After lunch Ceredwyn, Hestia, and I walked around the house. It was unusually warm for this time of year, 39°F or about 4℃. The skies were gray, and some mist rose up from surviving snowpiles. It felt a bit like March as we tromped along the little ponds, the minor woodpiles, the front flower plot, the driveway’s stone wall, the major wood storage, the hot tub.
Walking with us was a realtor.
Yes, we are starting the process of selling our house.
There are two reasons for this major step, the first being our youngest son is aiming for college next fall. In around eight or nine months Ceredwyn and I will be the only humans in the house, and have a lot more freedom to move.
The biggest reason, of course, and one familiar to readers of this blog, is that broadband here is horrendous and not getting better. This is frustrating, at best, for our personal lives, making entertainment, education, culture, and family connections difficult. More importantly there’s an important chunk of our work that we can’t do from our house or town: downloading major files. Conducting audio- and videoconferences: it’s no longer quaint to have to turn the camera off to preserve sound quality. Producing and publishing audio and video projects: podcasts, Future Trends Forum live sessions and recordings, more video sent to YouTube. That’s a growing proportion of our work – heck, of many professions – and other such needs are coming on line fast, like VR and AR production.

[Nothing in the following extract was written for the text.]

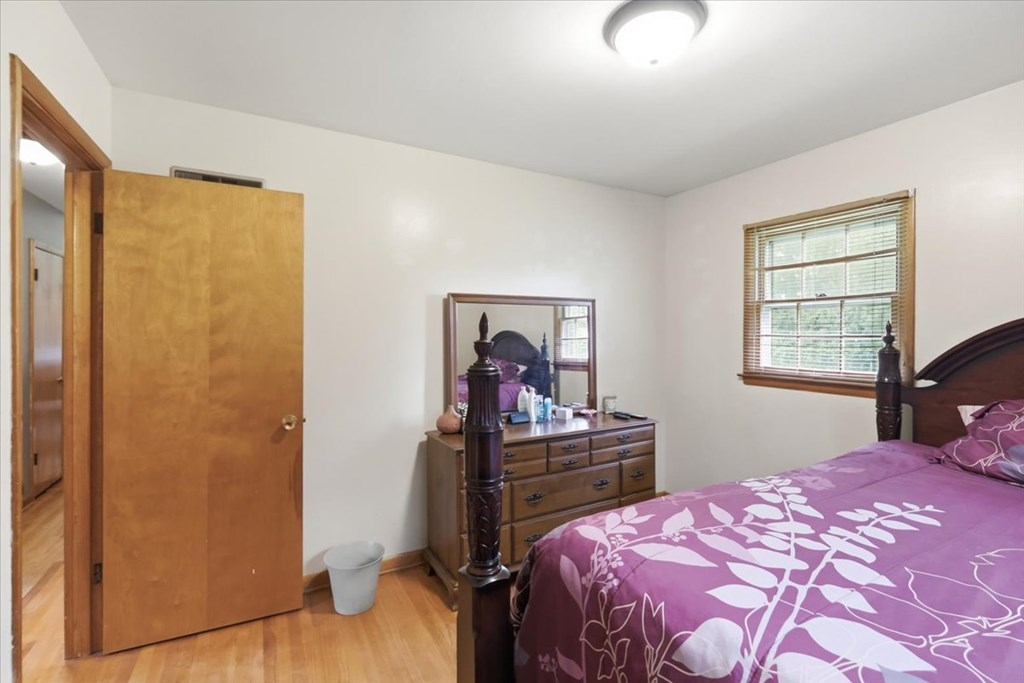 15 E Mound St Property Photo 19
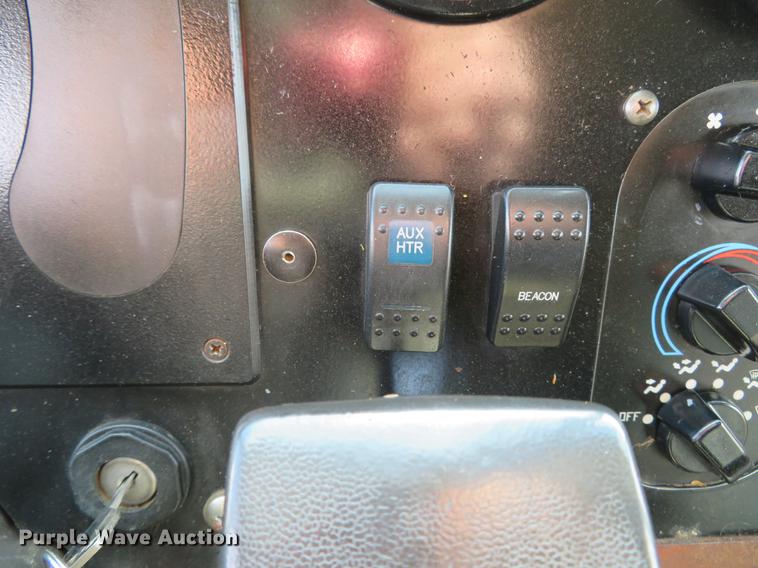 image for item DG3796 2003 Freightliner MT45 box truck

After nearly a year of intensive research and networking, following more than a decade of community work, we cannot escape the conclusion that Vermont is just not interested in expanding rural broadband. The state does not consider broadband to be a utility. The outgoing governor, Peter Shumlin, quietly gave up on the universal connectivity goal. The incoming governor, Phil Scott, has said openly and clearly that he will not pursue that goal. For the private sector, businesses have been upfront about resisting rural expansion for business reasons. So unless a solution appears on the Green Mountains over the next few months, we’re getting ready to exit.
Down the sledding hill in autumn.
This is a heartbreaking decision for Ceredwyn and I. We’ve lived here almost twenty years. Vermont is the best state we’ve ever lived in. Our two children grew up in Ripton. We have many deep roots in the community, from serving on school and community TV boards to riding with the fire department to building up a local highspeed network to working on the local historical society and fighting to protect our post office and more. I run the town blog. We have many terrific friends here. Our hearts are in this place.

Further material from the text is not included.